Short text fragments from websites
Segment Open

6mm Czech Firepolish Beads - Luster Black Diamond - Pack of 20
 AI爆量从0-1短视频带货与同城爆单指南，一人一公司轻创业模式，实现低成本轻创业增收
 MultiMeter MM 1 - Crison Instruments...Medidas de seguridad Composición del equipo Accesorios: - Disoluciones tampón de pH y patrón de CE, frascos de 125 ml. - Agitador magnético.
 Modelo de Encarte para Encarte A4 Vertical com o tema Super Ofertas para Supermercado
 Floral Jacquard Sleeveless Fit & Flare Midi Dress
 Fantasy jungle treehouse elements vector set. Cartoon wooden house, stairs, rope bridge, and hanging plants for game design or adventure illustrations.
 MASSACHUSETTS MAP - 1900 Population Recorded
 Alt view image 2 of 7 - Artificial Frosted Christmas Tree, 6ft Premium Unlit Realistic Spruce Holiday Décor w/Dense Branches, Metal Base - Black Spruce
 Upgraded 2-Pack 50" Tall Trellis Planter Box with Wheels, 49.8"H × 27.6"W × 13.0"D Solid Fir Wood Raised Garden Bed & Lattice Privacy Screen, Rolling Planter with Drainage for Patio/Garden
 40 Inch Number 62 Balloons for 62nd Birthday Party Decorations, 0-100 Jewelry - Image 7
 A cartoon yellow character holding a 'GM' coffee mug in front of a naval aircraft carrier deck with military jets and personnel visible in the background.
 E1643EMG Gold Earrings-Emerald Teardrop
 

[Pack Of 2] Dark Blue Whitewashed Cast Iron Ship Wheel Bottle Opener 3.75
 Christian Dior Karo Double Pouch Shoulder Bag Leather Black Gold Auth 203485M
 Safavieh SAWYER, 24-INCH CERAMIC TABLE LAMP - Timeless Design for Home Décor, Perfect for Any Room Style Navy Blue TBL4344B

Segment Closed

WORK INSTRUCTION:
The lines running from the start of the data through the one that contains "40 Inch Number" should be reproduced exactly, and only those.

RESULT OF THIS EXERCISE:
6mm Czech Firepolish Beads - Luster Black Diamond - Pack of 20
 AI爆量从0-1短视频带货与同城爆单指南，一人一公司轻创业模式，实现低成本轻创业增收
 MultiMeter MM 1 - Crison Instruments...Medidas de seguridad Composición del equipo Accesorios: - Disoluciones tampón de pH y patrón de CE, frascos de 125 ml. - Agitador magnético.
 Modelo de Encarte para Encarte A4 Vertical com o tema Super Ofertas para Supermercado
 Floral Jacquard Sleeveless Fit & Flare Midi Dress
 Fantasy jungle treehouse elements vector set. Cartoon wooden house, stairs, rope bridge, and hanging plants for game design or adventure illustrations.
 MASSACHUSETTS MAP - 1900 Population Recorded
 Alt view image 2 of 7 - Artificial Frosted Christmas Tree, 6ft Premium Unlit Realistic Spruce Holiday Décor w/Dense Branches, Metal Base - Black Spruce
 Upgraded 2-Pack 50" Tall Trellis Planter Box with Wheels, 49.8"H × 27.6"W × 13.0"D Solid Fir Wood Raised Garden Bed & Lattice Privacy Screen, Rolling Planter with Drainage for Patio/Garden
 40 Inch Number 62 Balloons for 62nd Birthday Party Decorations, 0-100 Jewelry - Image 7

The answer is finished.